Copy out the data in full and exactly, passing over the pictures.
START The data
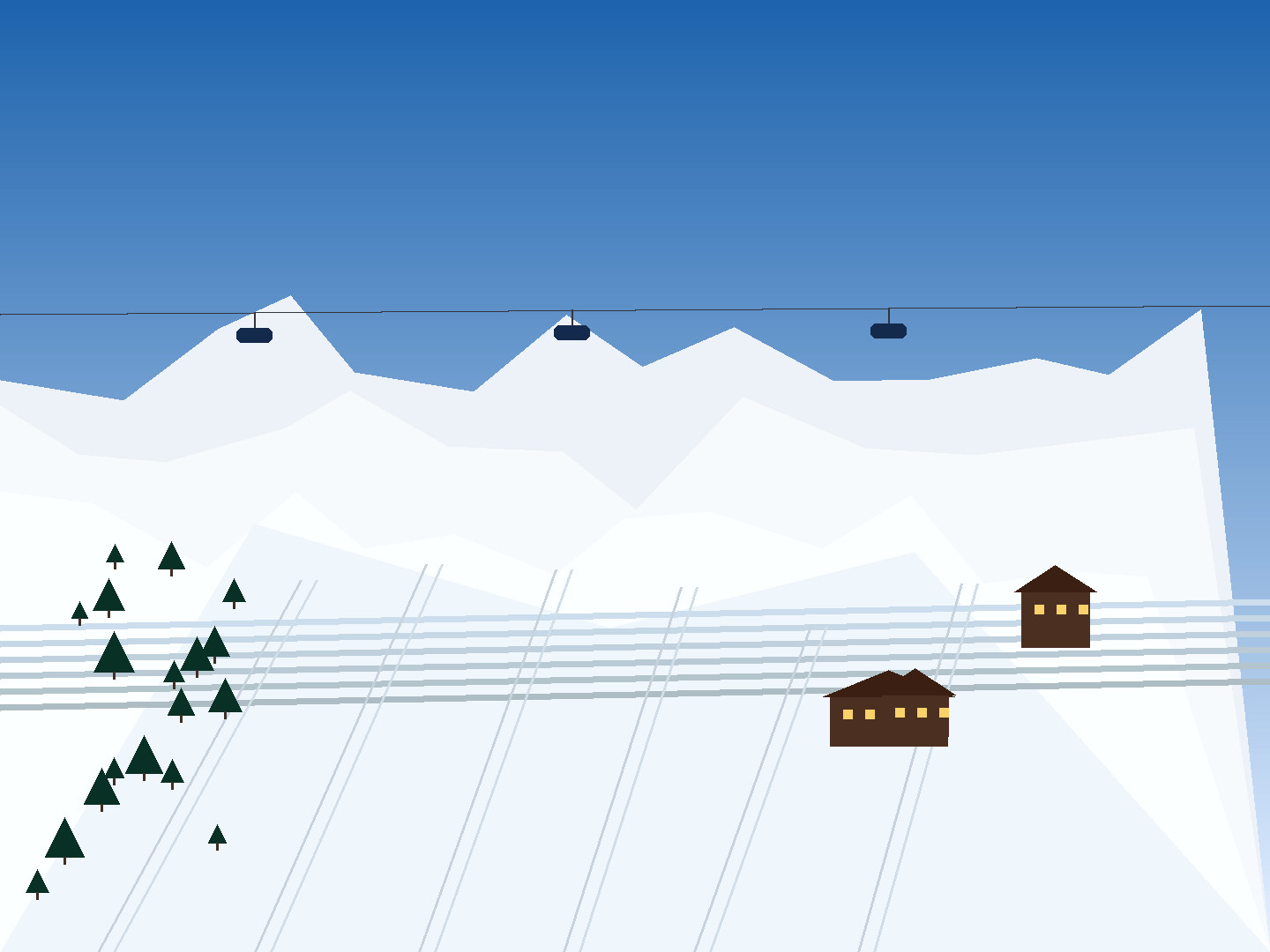 Tyrol morning slopes: Snow management and piste discipline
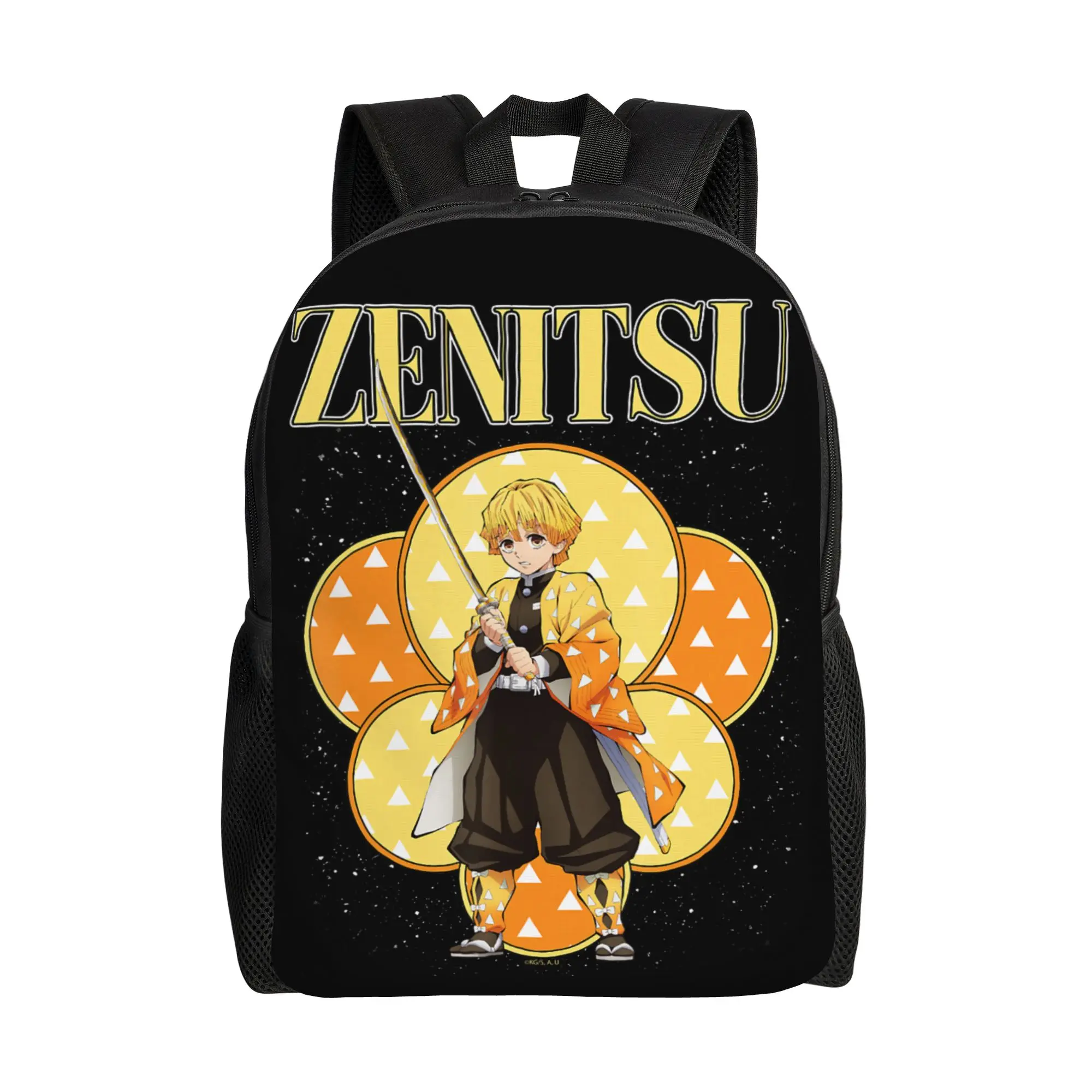 Bandai backpacks Demon Slayer Kimetsu no Yaiba Zenitsu Yellow Flash Night Daypack mochila Office Work Zipper Closure Rucksack
Bandai backpacks Demon Slayer Kimetsu no Yaiba Zenitsu Yellow Flash Night Daypack mochila Office Work Zipper Closure Rucksack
END The data
▶ Task output
 Tyrol morning slopes: Snow management and piste discipline
 Bandai backpacks Demon Slayer Kimetsu no Yaiba Zenitsu Yellow Flash Night Daypack mochila Office Work Zipper Closure Rucksack
Bandai backpacks Demon Slayer Kimetsu no Yaiba Zenitsu Yellow Flash Night Daypack mochila Office Work Zipper Closure Rucksack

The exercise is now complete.